In this example we will retrieve GO information for a set of Homo sapiens genes stored as hgnc_symbol
.
The getGO()
function takes several arguments as input to retrieve GO information from BioMart. First, the scientific name of the organism
of interest needs to be specified. Furthermore, a set of gene ids
as well as their corresponding filter
notation (GUCA2A
gene ids have filter
notation hgnc_symbol
; see organismFilters()
for details) need to be specified.
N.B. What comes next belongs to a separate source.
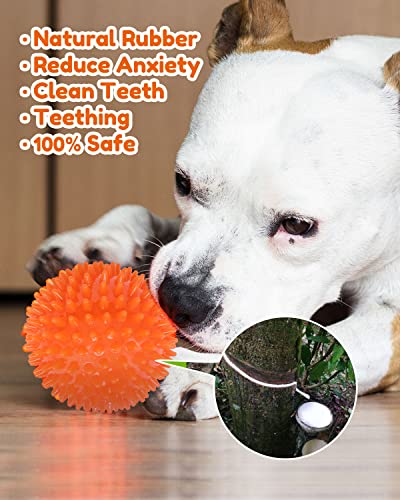 Pweituoet 4.5” Heavy Duty Squeaky Dog Balls for Medium Large Dogs, Dog Toys for Aggressive Chewers, Spike Ball Toys for Cl...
The database
argument then defines the database from which GO information shall be retrieved.
# show all elements of the data.frame
options(tibble.print_max = Inf)
# search for GO terms of an example Homo sapiens gene
GO_tbl <- getGO(organism = "Homo sapiens",
genes = "GUCA2A",
filters = "hgnc_symbol")
GO_tbl
hgnc_symbol goslim_goa_description goslim_goa_accession
1 GUCA2A cellular_component GO:0005575
2 GUCA2A extracellular region GO:0005576
3 GUCA2A biological_process GO:0008150
4 GUCA2A cellular nitrogen compound metabolic process GO:0034641
5 GUCA2A small molecule metabolic process GO:0044281
6 GUCA2A biosynthetic process GO:0009058
7 GUCA2A molecular_function GO:0003674
8 GUCA2A organelle GO:0043226
9 GUCA2A enzyme regulator activity GO:0030234
Hence, for each gene id the resulting table stores all annotated GO terms found in BioMart.